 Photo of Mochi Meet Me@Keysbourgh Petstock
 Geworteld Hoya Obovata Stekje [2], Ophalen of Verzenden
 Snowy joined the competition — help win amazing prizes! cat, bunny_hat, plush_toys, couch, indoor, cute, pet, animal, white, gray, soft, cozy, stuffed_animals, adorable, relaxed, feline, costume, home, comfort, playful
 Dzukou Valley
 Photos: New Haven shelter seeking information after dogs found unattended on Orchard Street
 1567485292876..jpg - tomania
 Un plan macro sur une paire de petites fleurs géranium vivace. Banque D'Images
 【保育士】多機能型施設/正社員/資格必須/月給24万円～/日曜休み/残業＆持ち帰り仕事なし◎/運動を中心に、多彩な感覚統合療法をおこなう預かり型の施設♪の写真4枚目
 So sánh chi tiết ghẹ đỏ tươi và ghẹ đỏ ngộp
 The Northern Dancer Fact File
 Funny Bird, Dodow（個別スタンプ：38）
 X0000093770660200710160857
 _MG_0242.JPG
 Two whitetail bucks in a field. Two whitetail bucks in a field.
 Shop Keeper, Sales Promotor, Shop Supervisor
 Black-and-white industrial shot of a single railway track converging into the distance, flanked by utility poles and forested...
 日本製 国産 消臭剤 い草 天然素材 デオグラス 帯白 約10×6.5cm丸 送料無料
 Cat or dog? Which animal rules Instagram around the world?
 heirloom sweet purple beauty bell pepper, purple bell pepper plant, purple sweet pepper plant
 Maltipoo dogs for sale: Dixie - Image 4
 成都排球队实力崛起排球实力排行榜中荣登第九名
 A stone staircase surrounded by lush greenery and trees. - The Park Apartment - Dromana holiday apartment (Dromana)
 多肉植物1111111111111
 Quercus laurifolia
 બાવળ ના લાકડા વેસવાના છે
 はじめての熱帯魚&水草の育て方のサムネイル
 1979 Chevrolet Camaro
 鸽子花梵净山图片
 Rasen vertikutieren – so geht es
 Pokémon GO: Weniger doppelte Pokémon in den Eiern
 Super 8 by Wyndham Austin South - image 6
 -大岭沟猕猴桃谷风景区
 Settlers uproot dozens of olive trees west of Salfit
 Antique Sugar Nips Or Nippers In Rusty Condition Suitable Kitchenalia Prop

━━━━

Nothing but the lines from the one with "So sánh chi tiết ghẹ đỏ tươi và ghẹ đỏ ngộp" through the final line of the data above should be output, exactly as written.

§ SOLUTION:
 So sánh chi tiết ghẹ đỏ tươi và ghẹ đỏ ngộp
 The Northern Dancer Fact File
 Funny Bird, Dodow（個別スタンプ：38）
 X0000093770660200710160857
 _MG_0242.JPG
 Two whitetail bucks in a field. Two whitetail bucks in a field.
 Shop Keeper, Sales Promotor, Shop Supervisor
 Black-and-white industrial shot of a single railway track converging into the distance, flanked by utility poles and forested...
 日本製 国産 消臭剤 い草 天然素材 デオグラス 帯白 約10×6.5cm丸 送料無料
 Cat or dog? Which animal rules Instagram around the world?
 heirloom sweet purple beauty bell pepper, purple bell pepper plant, purple sweet pepper plant
 Maltipoo dogs for sale: Dixie - Image 4
 成都排球队实力崛起排球实力排行榜中荣登第九名
 A stone staircase surrounded by lush greenery and trees. - The Park Apartment - Dromana holiday apartment (Dromana)
 多肉植物1111111111111
 Quercus laurifolia
 બાવળ ના લાકડા વેસવાના છે
 はじめての熱帯魚&水草の育て方のサムネイル
 1979 Chevrolet Camaro
 鸽子花梵净山图片
 Rasen vertikutieren – so geht es
 Pokémon GO: Weniger doppelte Pokémon in den Eiern
 Super 8 by Wyndham Austin South - image 6
 -大岭沟猕猴桃谷风景区
 Settlers uproot dozens of olive trees west of Salfit
 Antique Sugar Nips Or Nippers In Rusty Condition Suitable Kitchenalia Prop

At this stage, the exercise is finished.